Beginning with last week and especially last night, I keep having flashes of my step-father and his father being on top of me in his bedroom. I want to talk and I don't want to talk. But, the flashbacks are becoming progressively louder, more vivid and there are more sensations. I think, waking up in a panic last night had to do with remembering my step-father being on top of me.

I didn't sleep very well last night and woke up extremely tired. It was good that I didn't have anything until 10 am and 10 minutes from home, so I could just do documentation and not have to interact with anyone. I think, part of the difficulty in sleeping has to do with having told my husband. Still makes me feel anxious and bad.

I'm really wanting to bruise today and I am trying really hard not to do so. I've been having some of the same flashbacks and new ones of being at my step-father's parents. I really hated going there in the summer with just him.

If my mother came, it was sort of okay. But, the summers were bad even spent several nights at a time including a week stay at a time. I really didn't want to stay. I remember being scared of my step-father and his father. It was kind of confusing because his father paid attention to me and he played the game and stuff I wanted to play, so I sort of liked him, but he scared me.

I didn't hate him like my step-father. Kind of confusing to me. But, I remember his father touching me. The house was usually really loud and lots of people were in and out all the time. I remember the smell of the incesnse which was being burned most of the time. I remember that was the first time I burned myself with the incense when no one was looking.

I remember his father being relatively quiet and passive and that he didn't work...don't know why. However, his mother was really loud and bossy. She did psychic reading usually in their bedroom and she seemed to talk non-stop. She wasn't able to work due to some neurological disease. It was fairly easy for his father to come into my step-father's room when I was taking a nap or sleeping, as know one noticed he was gone and it was so loud I don't think anyone ever heard him with me.

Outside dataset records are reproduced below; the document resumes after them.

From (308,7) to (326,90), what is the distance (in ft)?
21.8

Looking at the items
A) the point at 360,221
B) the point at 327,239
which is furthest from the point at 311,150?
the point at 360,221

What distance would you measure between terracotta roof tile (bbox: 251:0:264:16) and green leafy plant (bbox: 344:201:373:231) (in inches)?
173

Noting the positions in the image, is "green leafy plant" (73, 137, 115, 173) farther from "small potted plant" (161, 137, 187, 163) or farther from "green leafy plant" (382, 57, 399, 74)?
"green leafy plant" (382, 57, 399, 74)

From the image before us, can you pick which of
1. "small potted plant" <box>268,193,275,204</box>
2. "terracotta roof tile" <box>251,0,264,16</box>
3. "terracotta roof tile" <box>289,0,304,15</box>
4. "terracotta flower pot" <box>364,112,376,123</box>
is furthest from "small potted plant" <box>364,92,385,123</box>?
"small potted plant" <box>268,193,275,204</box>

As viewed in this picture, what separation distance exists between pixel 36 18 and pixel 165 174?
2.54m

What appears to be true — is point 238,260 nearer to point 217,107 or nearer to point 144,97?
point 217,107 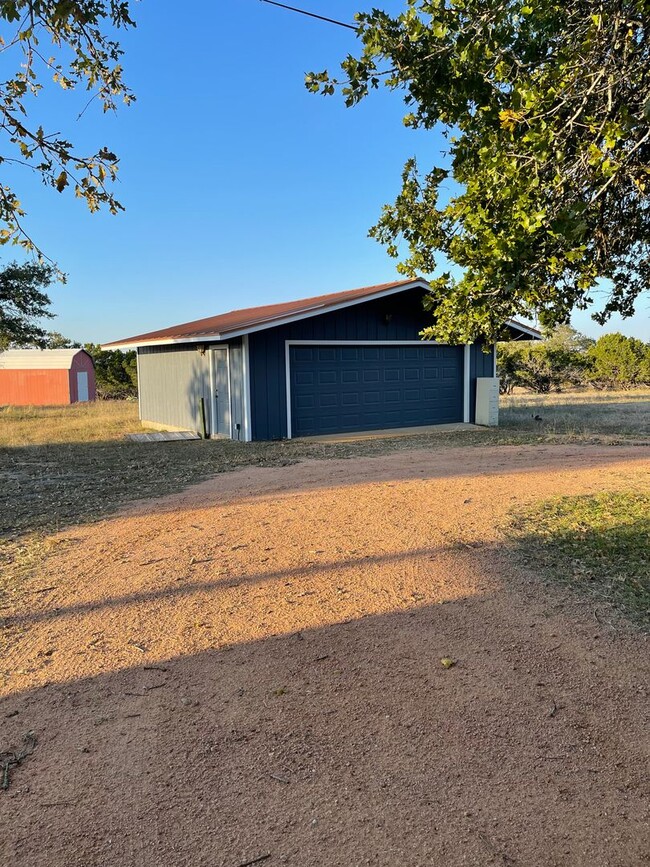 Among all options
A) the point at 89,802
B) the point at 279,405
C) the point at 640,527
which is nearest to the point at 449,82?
the point at 640,527

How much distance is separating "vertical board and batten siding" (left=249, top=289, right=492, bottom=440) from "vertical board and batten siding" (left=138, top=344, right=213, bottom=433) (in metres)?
2.15

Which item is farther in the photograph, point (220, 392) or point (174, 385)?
point (174, 385)

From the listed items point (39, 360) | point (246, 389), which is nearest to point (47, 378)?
point (39, 360)

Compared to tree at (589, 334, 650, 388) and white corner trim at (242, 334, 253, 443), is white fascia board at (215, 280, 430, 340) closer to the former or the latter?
white corner trim at (242, 334, 253, 443)

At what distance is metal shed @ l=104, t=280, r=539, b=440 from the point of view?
45.8ft

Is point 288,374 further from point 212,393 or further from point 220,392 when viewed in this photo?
point 212,393

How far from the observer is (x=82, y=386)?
116 ft

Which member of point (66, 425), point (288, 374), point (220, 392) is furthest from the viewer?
point (66, 425)

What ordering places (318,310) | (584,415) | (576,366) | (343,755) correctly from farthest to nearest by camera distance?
(576,366), (584,415), (318,310), (343,755)

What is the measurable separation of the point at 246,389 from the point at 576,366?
21466mm

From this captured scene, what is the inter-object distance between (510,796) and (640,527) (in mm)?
4039

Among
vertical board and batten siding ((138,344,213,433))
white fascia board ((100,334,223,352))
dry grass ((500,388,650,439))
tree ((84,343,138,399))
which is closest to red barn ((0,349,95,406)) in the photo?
tree ((84,343,138,399))

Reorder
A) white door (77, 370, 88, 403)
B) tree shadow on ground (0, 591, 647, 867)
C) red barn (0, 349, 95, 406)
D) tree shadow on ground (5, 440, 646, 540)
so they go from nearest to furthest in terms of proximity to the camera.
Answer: tree shadow on ground (0, 591, 647, 867), tree shadow on ground (5, 440, 646, 540), red barn (0, 349, 95, 406), white door (77, 370, 88, 403)

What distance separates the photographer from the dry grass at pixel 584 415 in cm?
1440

He was gentler than my step-father, so sometimes, I think, it wasn't as bad. And, in someways, it wasn't. It didn't hurt as much and I wasn't scared that he would harm me. I kind of liked him and thought he liked me. [My journals are telling my story as I remembered things. It was only until much later that I remembered the real truth...I couldn't handle it then.]

Feels like I need to talk about this stuff. But, it makes me really anxious. And I start to question if I'm making things up or that you are not going to believe me or that it isn't okay to talk. I've already talked about some of this before. [Again, my own thoughts and feeling and what I was told projected onto my therapist. However, every bit of it felt real and was automatic thinking.]